If N. oceanica and N. gaditana do not need these complexes, they must have adopted a membrane system different from that of P. tricornutum during evolution. Secondary endosymbiosis is always believed to be a passive process in which the host protist engulfs a photosynthesizing alga and enslaves its plastid but discards its mitochondria. This widely accepted mechanism hypothesized that: the newly appearing chloroplast must be covered by four membranes. The outermost membrane possibly originated from the endoplasmic reticulum, while the periplastid membrane possibly originated from the host cellular membrane, and the two interior membranes were inherited from the first endosymbiosis; a new system must import proteins synthesized in the cytoplasm into the periplastid compartment and the stroma of plastids; and the genes of the enslaved nucleus must undergo horizontal transfer to the host nucleus on a large scale. It seems that this mechanism has received strong support from the studies carried out in some Chromista47,48,49. However, this mechanism also has exceptions, including, for example, the absence of the components of the protein import system in many other species, including N. oceanica and N. gaditana as analyzed in this study. In our assumption of N. oceanica speciation, the chloroplast of N. oceanica was enveloped outside by two layers of endoplasmic reticulum, which is homogeneous to that found in the cytoplasm.

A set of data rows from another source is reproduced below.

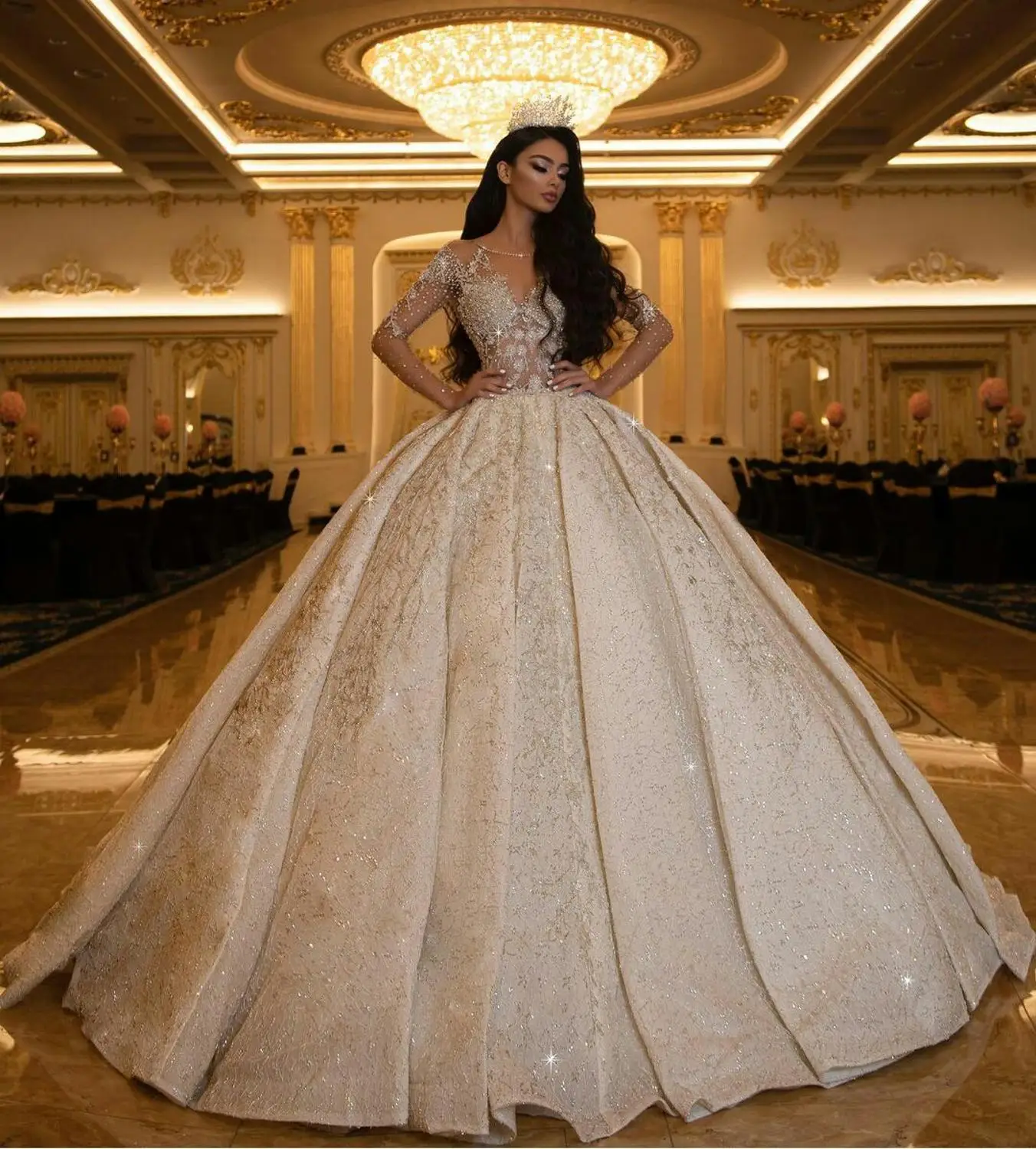 Luxury Glitter Ball Gown Wedding Dresses Sheer O Neck Long Sleeve Puffy Sweep Train Bridal Gowns Plus Size Robe De Mariée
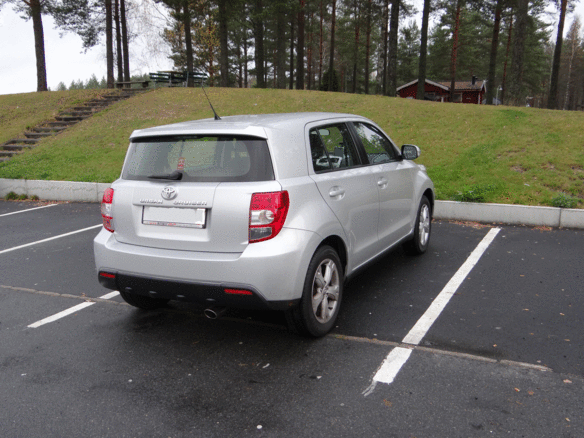2009 Toyota Urban Cruiser I, серебристый - вид 2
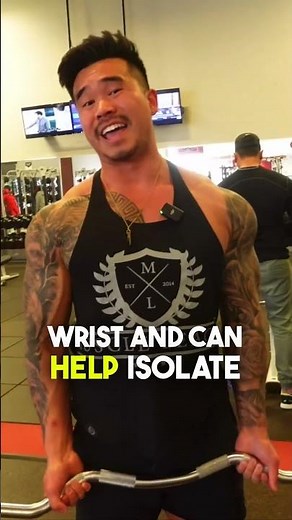 Straight Bar Or Ez Curl Bar? Which One Should You Use?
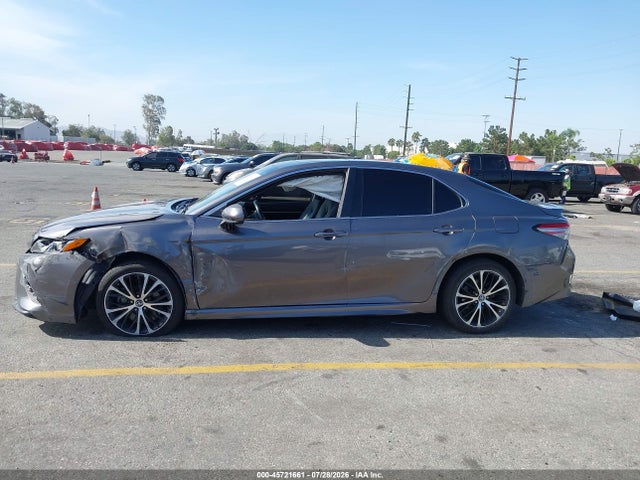 45721661 :رقم المزاد ، 4T1B11HK5JU540340 vin ، 2018 Toyota Camry L/le/xle/se/xse مزاد بيع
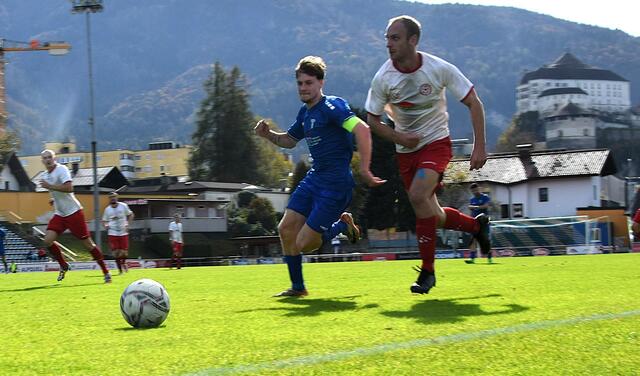 Kufstein Kapitän Denis Beslic im Laufduell mit Josef Wieser (SVG Erl): | Foto: Schwaighofer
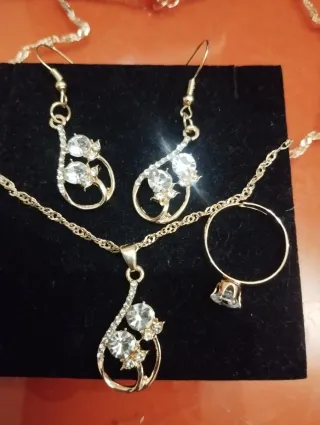 Conjunto collar, pendientes y anillo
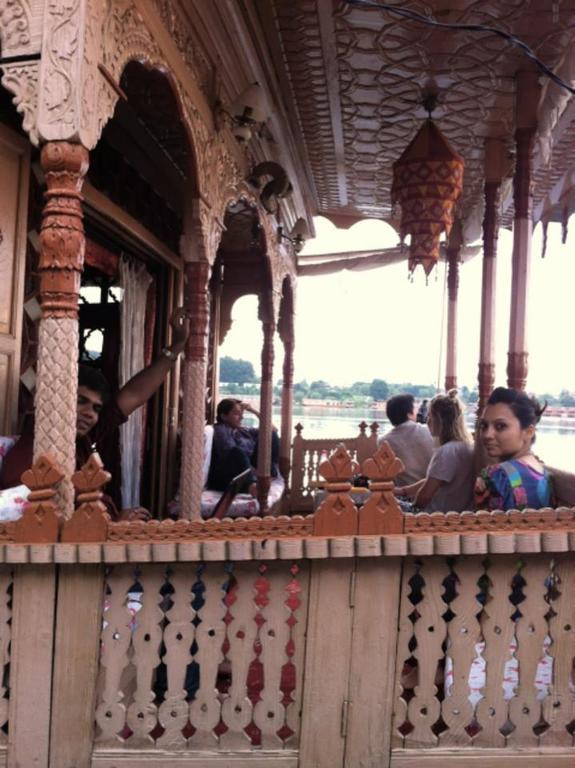 Houseboat Lily Of Nageen Srīnagar Buitenkant foto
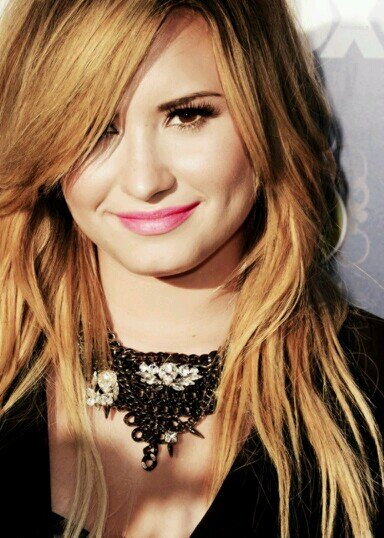 Hi. I'm 15 years old.  #ATATÜRK #Lovatic #Directioner #TVD
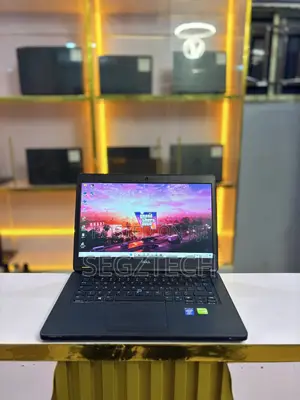 Laptop Dell Latitude 5450 16GB Intel Core i7 SSD 256GB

Sec61 and ERAD should be involved in transportation into and out of the endoplasmic reticulum45. Although some modifications may exist, the protein transportation system of Nannochloropsis was inherited from the symbiont, e.g., an ancestral single-cell red alga. This evolutionary path would readily explain the speciation of Nannochloropsis.

The two nuclei fused to make a hybrid nucleus, which then reduced its genetic information by haploidization. During this kind of evolution, diverse structures and functions may have been lost through either selection or genetic drift or both, including motility and sexual reproduction. The flagellum plays important roles in competition for nutrients by enabling rapid movement, and thus, rapid finding, capture, and ingestion of prey. It also helps autotrophic and mixotrophic species sense and receive solar light. It is known that all species in the genus Nannochloropsis are extremely small, structurally simple and nonmotile13. The advantages and/or disadvantages of these characteristics in evolution remain unclear. However, these characteristics may imply the loss of structures, thus marking the reduction of the Nannochloropsis genome. In this study, we found that most flagellum-associating genes were lost, providing at least one example of such change during the speciation of N. oceanica.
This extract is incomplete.